How do Christians Respond to Restrictions on Religious Expression?

When I was a child, our teachers used to help us survive ugly situations by saying, “Sticks and stones may break my bones, but names will never hurt me.” It wasn’t completely true, of course, but saying that little folksy proverb helped us to feel strong when people called us hateful names. It reminded us of the difference between being physically harmed and being scorned. It did not change the fact that some people in the world are simply hateful, but it did teach us a way to respond to hatred without reciprocating hatred.  

In the book The Cellist of Sarajevo Steven Galloway writes about four individuals trapped by the siege of Sarajevo 1992-1996, trying simply to stay alive while enemy snipers sit on the high ground around the city and kill innocent people every day. Each of the characters travels a unique path to a moment when he realizes that hatred is a choice. It is not necessary to hate people. The characters recognize that hatred rooted in the hearts of the men on the hills enables them to kill with impunity people who have done them no wrong. Each character finds some way to rise above the temptation to respond with equal hatred. Each probes himself deeply looking for a way not to participate in the mayhem. These characters were not motivated to be like Christ. They simply used their God-given reason to conclude that responding to hatred with hatred would only make things worse. 

Christians in the USA who feel the culture closing in around them can be tempted to be scornful, even hateful, toward the people who treat them badly. We know our rights. We won’t take this sitting down. We are actually caught in a trap of competing values when we perceive that our freedom to live our faith is in danger. We are followers of Christ, called to live our faith and make disciples, and we are citizens of the USA, free to believe whatever we like and to practice our faith without hindrance according to the Constitution of the United States of America. On the one hand, our agenda is to share Christ’s love with everyone, and on the other hand, we have rights as citizens. Behavior that grows out of the assertion of citizen rights may not always be consistent with behavior that grows out of a call to Christian discipleship. Citizen activism may be confrontational in a way that is inconsistent with living our faith. What to do? 

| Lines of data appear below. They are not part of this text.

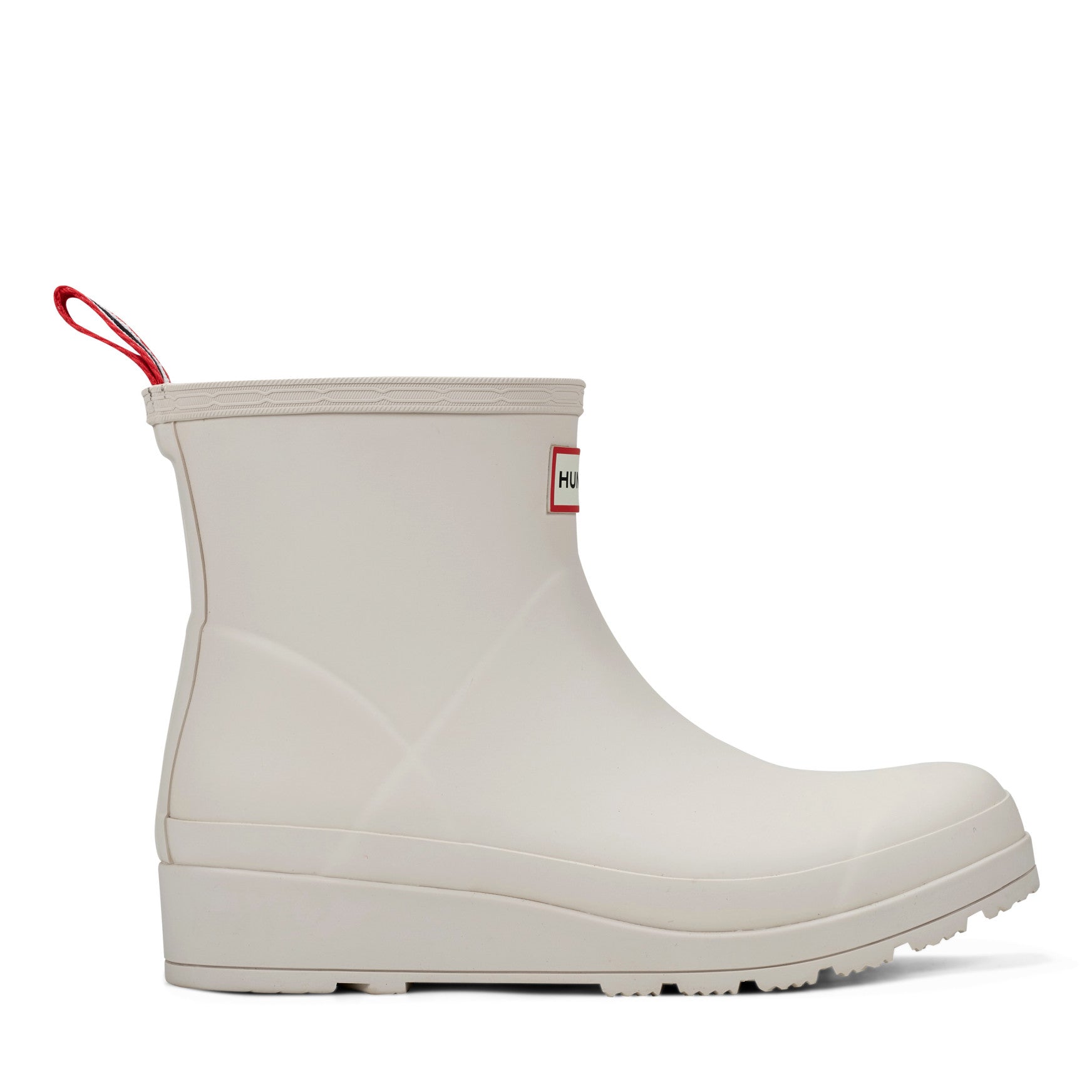 Women's PLAY™ Short Rain Boots - 5 / Cast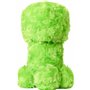 Minecraft Peluche Creeper de 20 cm à collectionner, inspirée du personnage dans 'Minecraft : Le Film', JFP58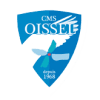 Oissel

If people with no acknowledged faith in anything, the characters in The Cellist of Sarajevo, can reach the conclusion that responding to hatred with hatred will only escalate violent confrontations, people with faith in the Christ who prayed, “Father, forgive them,” as he was nailed to a cross should surely be able to reach the same conclusion. In fact, from the beginning of Jesus’ ministry, he taught his followers to expect opposition from the established religious leaders, the culture in general, and even from the state. He also taught them how to respond. He didn’t simply tell them not to hate their persecutors. Jesus told his followers to love their enemies and pray blessings on those who persecuted them.  

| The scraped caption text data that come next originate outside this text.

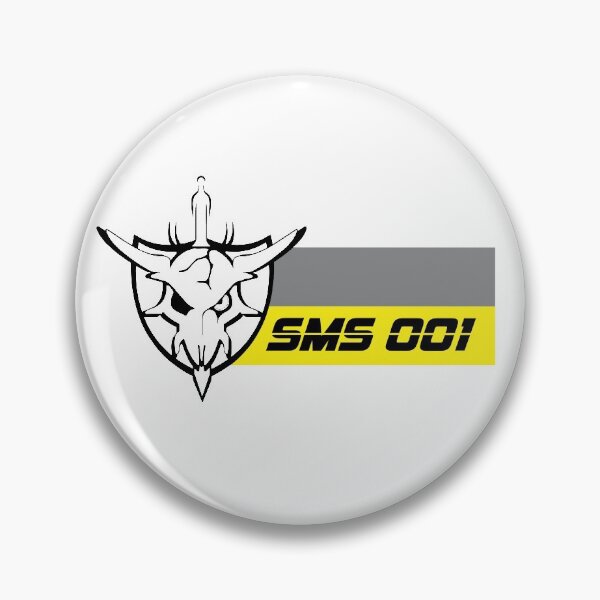 Item preview, SMS Skull 001 designed and sold by Marian´s Designs and Drawings.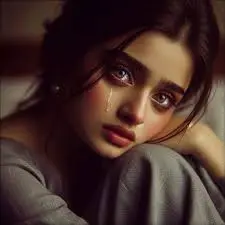 Azra Raheel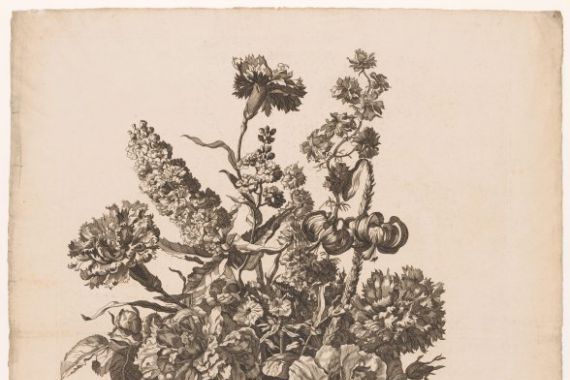 Pieter Mortier (I) (possibly)
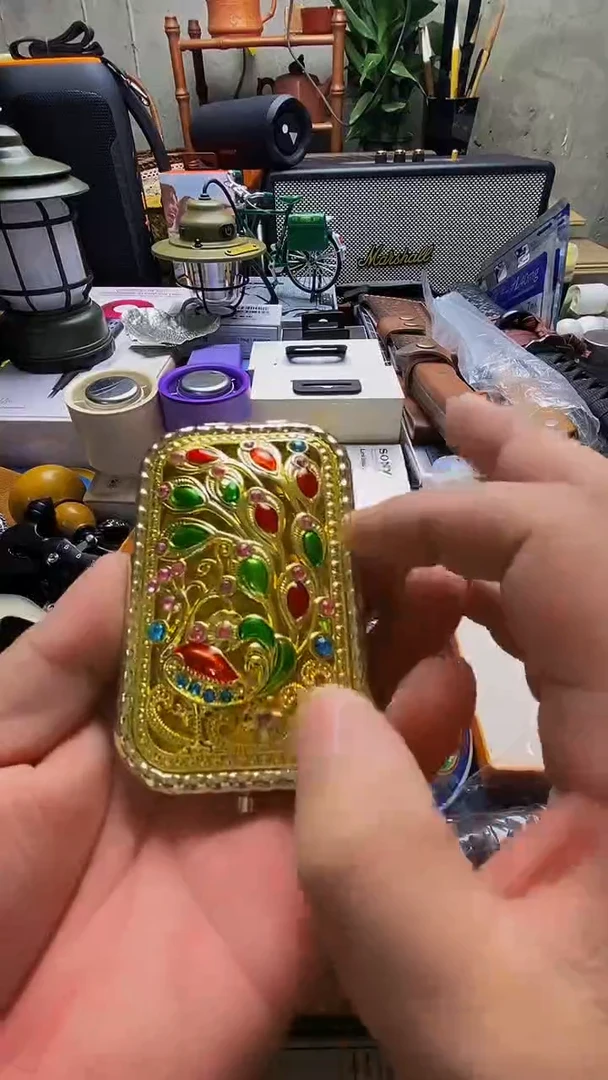 瓷器茶具品  工艺美术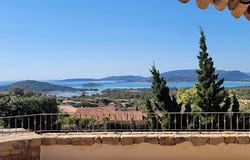 ZONZA, Corsica 20144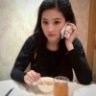 吃饱就睡111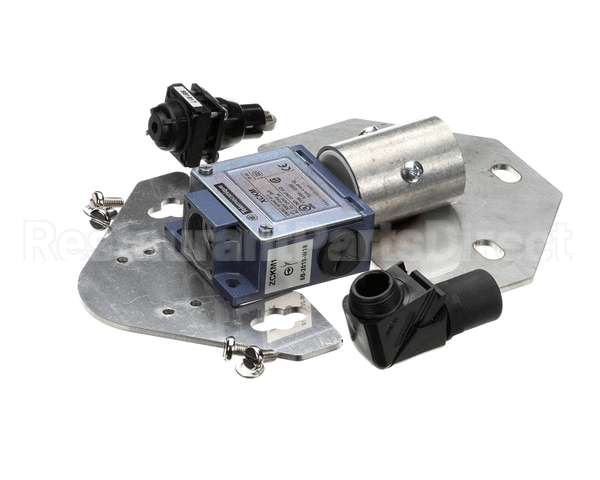21000364 Gemini Switch Kit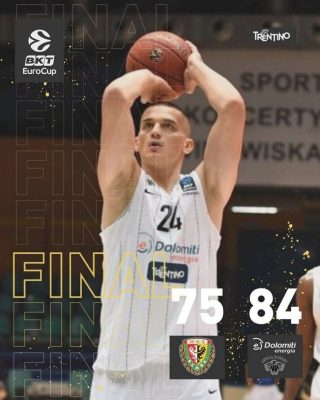 slask wroclaw vs trento bkt Eurocup 2023-24 (FILEminimizer)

This teaching is not as radical as it sounds if you view it in the context of the whole body of Christ’s teaching. Christ’s message was that the kingdom of God had come near to people. He brought the kingdom near in his person. The Holy Spirit dwelling within every believer brings the kingdom near to every person that believer meets. Jesus wanted his followers to be busy sharing the good news that God loves human beings and wants them to live in relationship with him. It would be pretty hard to say to people, “God loves you and wants you to love him, and by the way, I hate you for not agreeing to do that.” To be sure, there have been people who claimed the name of Christ who behaved exactly that way. That fact points out how much easier it is to claim the name than to live the relationship.  

The problem is that if we truly live our faith, our very behavior is sometimes an affront to the culture. The Catholic Bishops found themselves in that position when the president required Catholic institutions to provide insurance coverage for health services that are considered sinful according to the Catholic Church’s interpretation of the Bible. For someone to call birth control sinful sounds quite judgmental and barbaric to someone who has just classified that very service as a universal human right. This episode is a reminder to all of us that we cannot assume that people who believe in different religious teachings, or in no religious teaching at all, will respect and admire our commitment to our faith. 

It isn’t easy to love my neighbors on good days. If one of them slaps me, or calls me bigoted or takes me to court for having a Bible study in my home, then I am not naturally inclined to invite them to strike me again. It is not natural to love my enemy. Yet that is what Christ calls me to do. Me. You. Everyone who claims his name. How do we get the guts and gumption to do that? We mature in our ability to live a faithful testimony by engaging faithfully in prayer, Bible study and worship. We can do this in isolation, to be sure, but human beings need connections. We mature more deeply when our private practices are nourished and reshaped by communal prayer, Bible study and worship. We need one another. Jesus said that we must put God above all other loyalties, but after that, we must love one another. 

How do we live in a culture that increasingly prefers all religious behavior to be confined to religious spaces? We do it by doing what Christ taught us to do. When Christians in the first century did that, they were sometimes arrested, and occasionally even killed. So far, nobody in the US has been executed by the state for being a Christian. We can be thankful for that, but we cannot assume that it means that won’t happen. In order to face the future with confidence, we must cling ever more firmly to the promise that Christ will go with us through whatever the future brings. He is the one who holds our future in his hands. We can trust Christ for both time and eternity.